- Education: Hiroshima University Texas A&M University
- Scientific career
- Fields: earthquake science
- Workplaces: China Earthquake Administration Kyoto University
- Thesis: Effects of fault-gouge on the frictional properties of rocks : an experimental study

= Toshihiko Shimamoto =

Toshihiko Shimamoto (嶋本 利彦, Shimamoto Toshihiko) is a Japanese seismologist and professor of earthquake science at the Institute of Geology in Beijing (China Earthquake Administration) and affiliated researcher at Kyoto University. His experimental research has contributed significantly to our understanding of earthquake mechanics.

== Academic career ==
Shimamoto earned both his undergraduate degree and Master of Science at Hiroshima University. His masters was awarded in 1971 followed by achieving his P.h.D. at Texas A&M University in 1977.

== Honors and awards ==

Shimamoto received the Louis Néel Medal in 2015 from the European Geosciences Union. This medal is awarded to individuals who have contributed substantial progress in understanding rock physics, magnetism, and geomaterials, for his contributions in fault and earthquake mechanics, specifically fault weakening mechanisms at high slip rates as well as creating multiple devices in order to further research. Shimamoto invented the first machine capable of measuring friction at seismic slip rates, the first biaxial high-temperature apparatus, the first gas-medium triaxial apparatus in Japan, and the first oil-medium intra-vessel triaxial apparatus used for permeability measurements. These machines opened up new fields of study such as friction at high slip rates which helped further the exploration of the frictional and transport properties of fault rocks. Alongside this medal, he's also been awarded a fellowship in both the American Geophysical Union (AGU) - 2019 and  the JpGU.

== Research ==

Shimamoto's considerable research on earthquake science has focussed on the results of high-velocity friction experiments in a general aim to better understand frictional slip within earthquakes.

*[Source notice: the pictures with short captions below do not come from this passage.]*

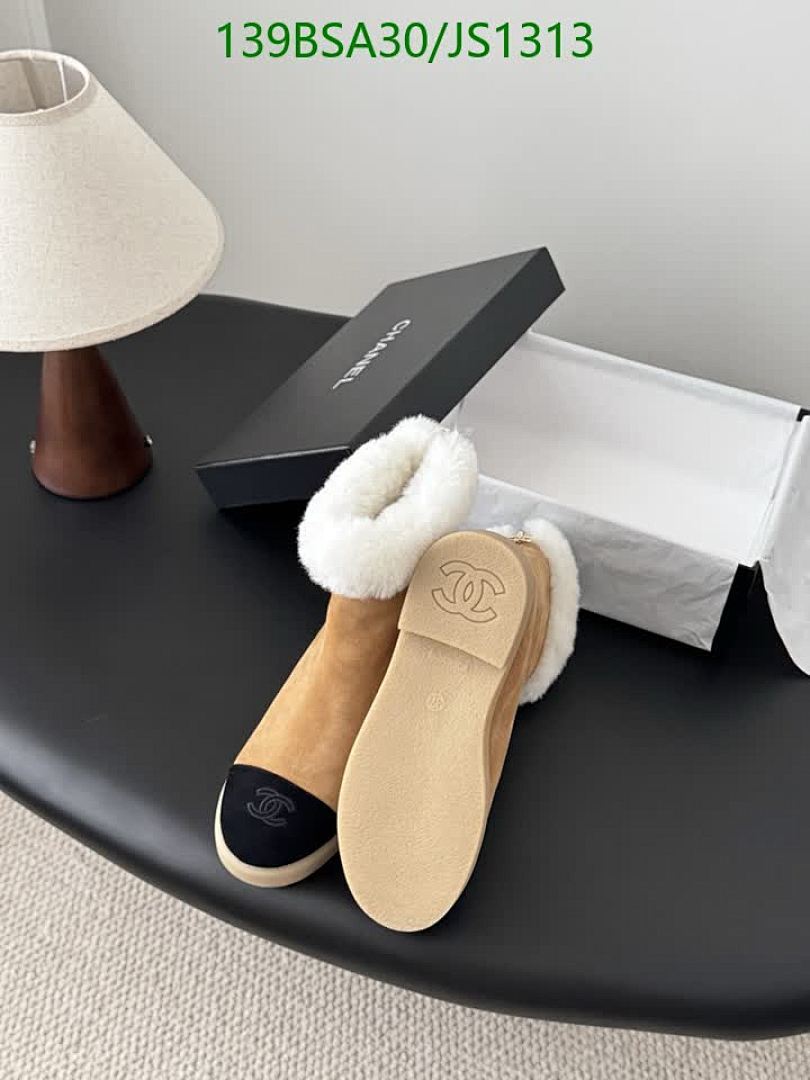 Chanel-Women Shoes Code: JS1313 $: 139USD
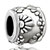 Sun Flower Fit All Brands Silver Plated Beads Charms Bracelets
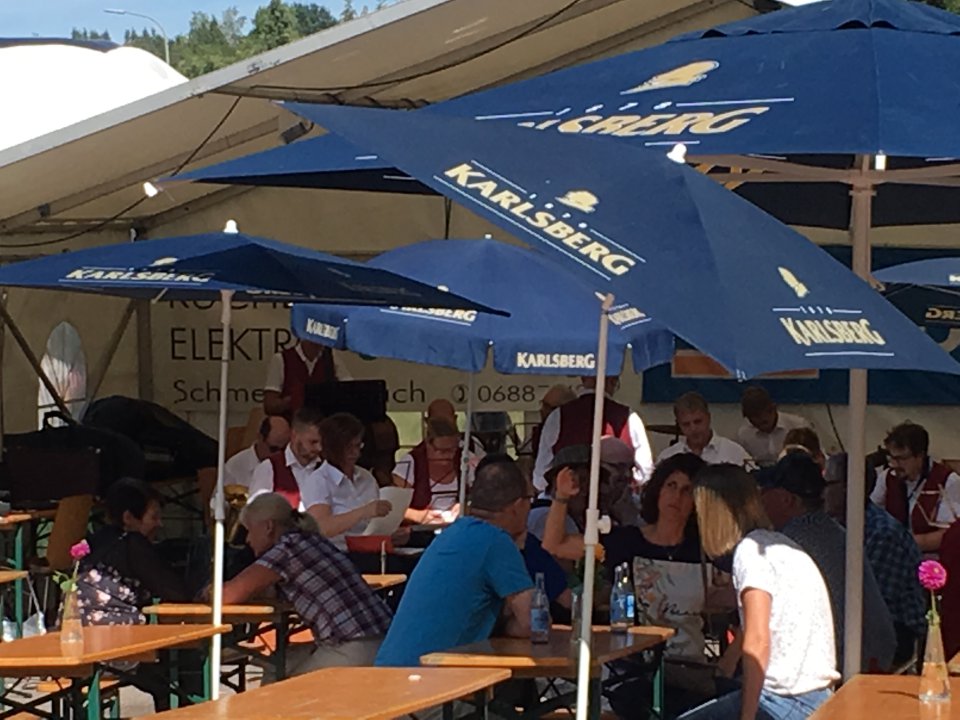 2018 - 90 Jahre Gast Orchester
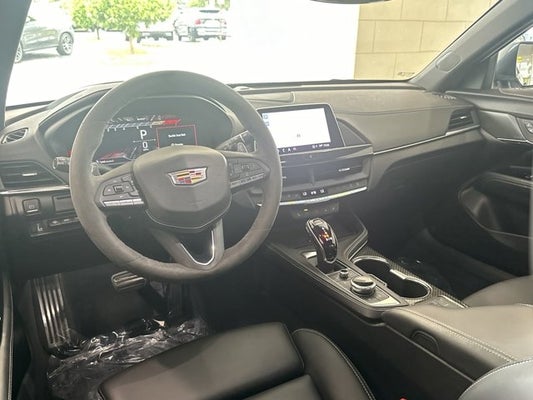 2022 Cadillac CT4-V Blackwing in Stuart, FL - Wallace Auto Group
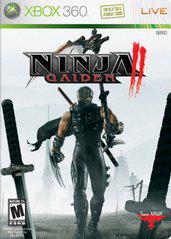 Ninja Gaiden II - Used - (Incomplete) (Xbox 360)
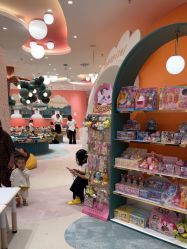 -奈尔宝家庭中心·亲子餐厅(苏州大悦城店)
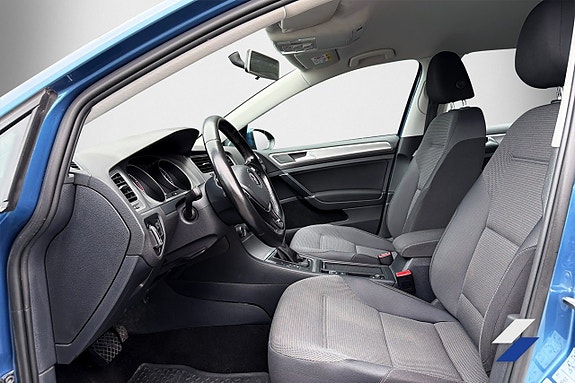 Volkswagen Golf I 5 of 7
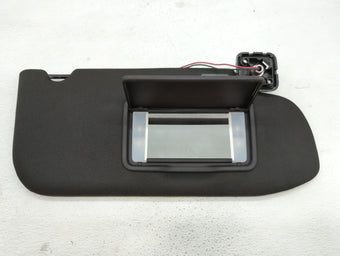 compare product 2013-2019 Ford Taurus Sun Visor Shade Replacement Passenger Right Mirror Fits OEM Used Auto Parts
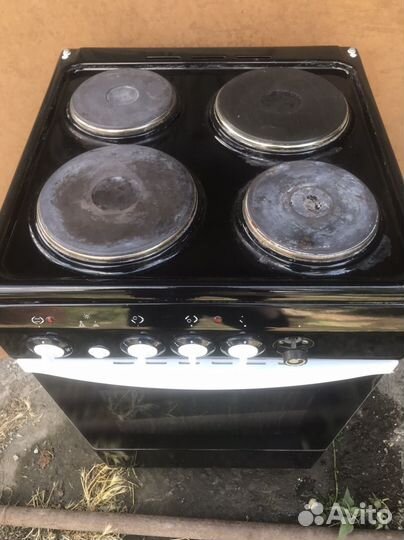 Электроплита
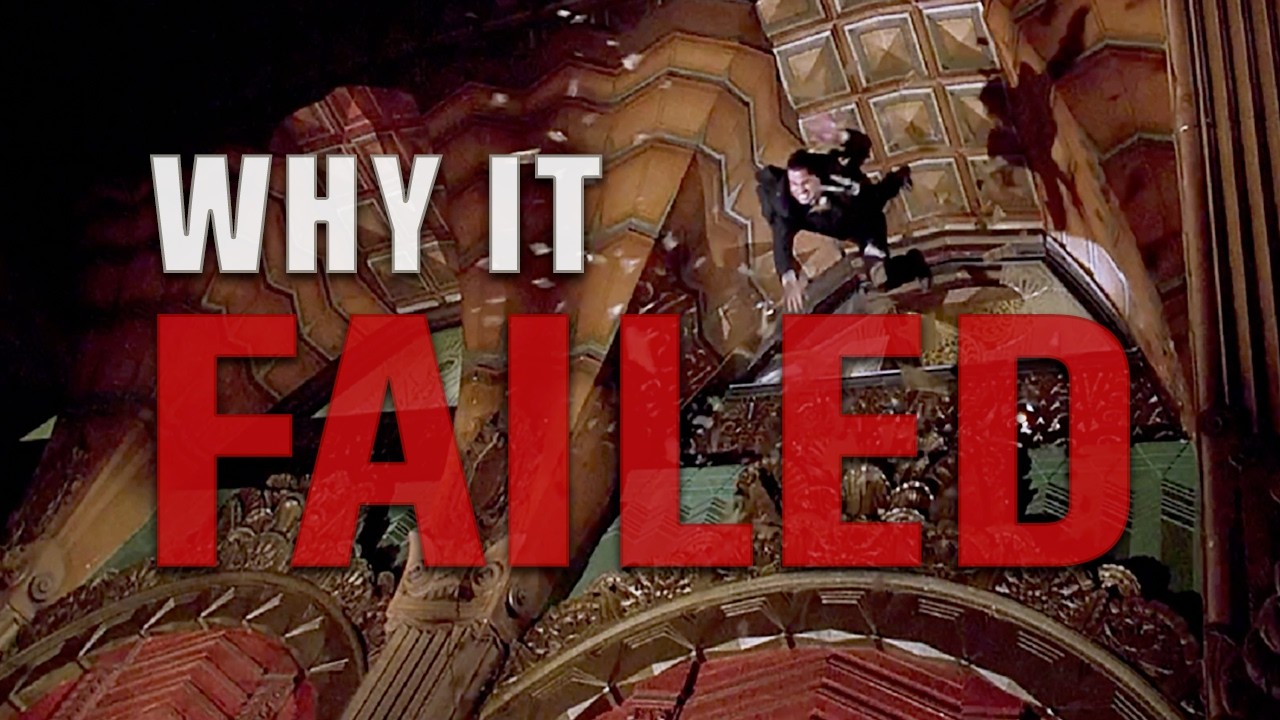 The &lsquo;90s Superhero Mega-Flop That Tries Harder Than Any DC Superman Movie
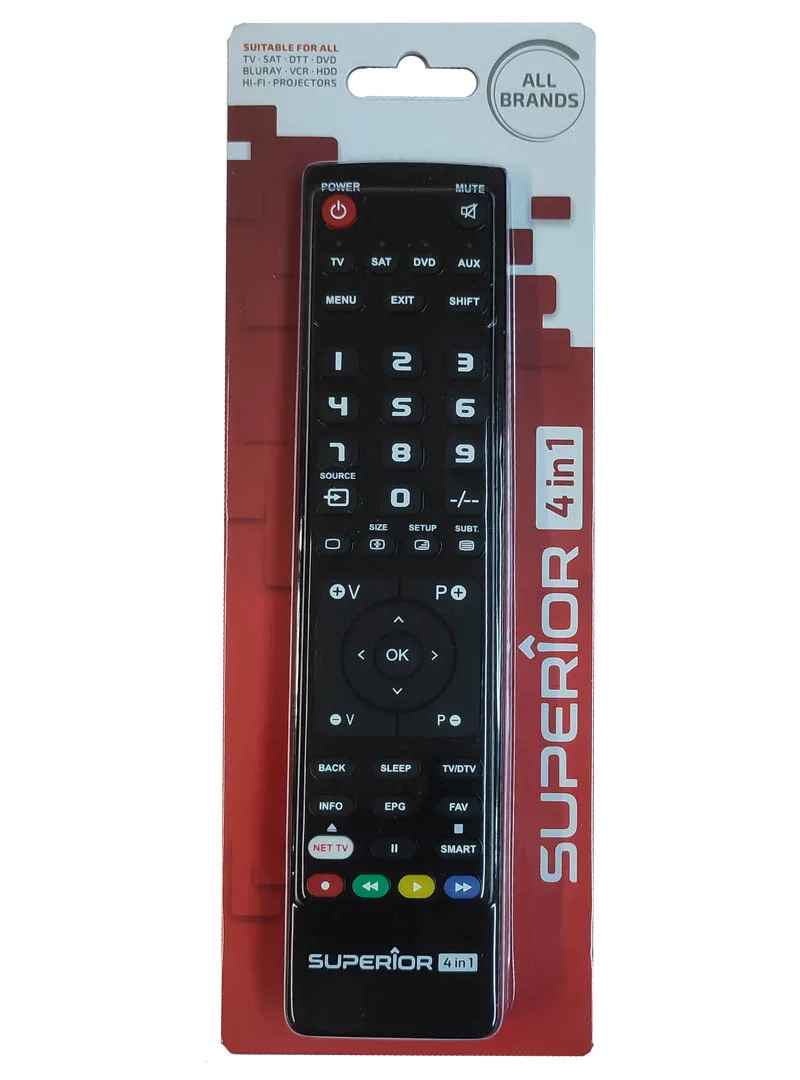 Telecomanda SUPERIOR programabilain(212)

In 1997, while pursuing the understanding of how frictional melting affects fault instability, Shimamoto and his research team set up experiments to test Gabbro samples under high-velocity. Initially at room temperature, the Gabbro was subject to slip rates from 7.5 mm/s to 1.8 m/s using a rotary-shear high-speed friction testing machine. Ultimately, two stages of slip weakening were apparent: one was found after the initial slip due to flash heating, the other after peak friction with the formation of a new molten layer along faults.

In 2011, Shimamoto and a team of researchers compared around 300 rotary shear apparatus experiments (both published and unpublished) to understand the implications of experimental data and its reliability in determining and prediciting friction at earthquake nucleation depths. Shimamoto and his team found that experimentally gathered data alongside field readings and samples suggest significant decrease in friction for both cohesive and non-cohesive rocks at slip rates of 0.1-2.6 m/sec. Regardless of material or weakening mechanism, fault lubrication was found to be constant during earthquakes.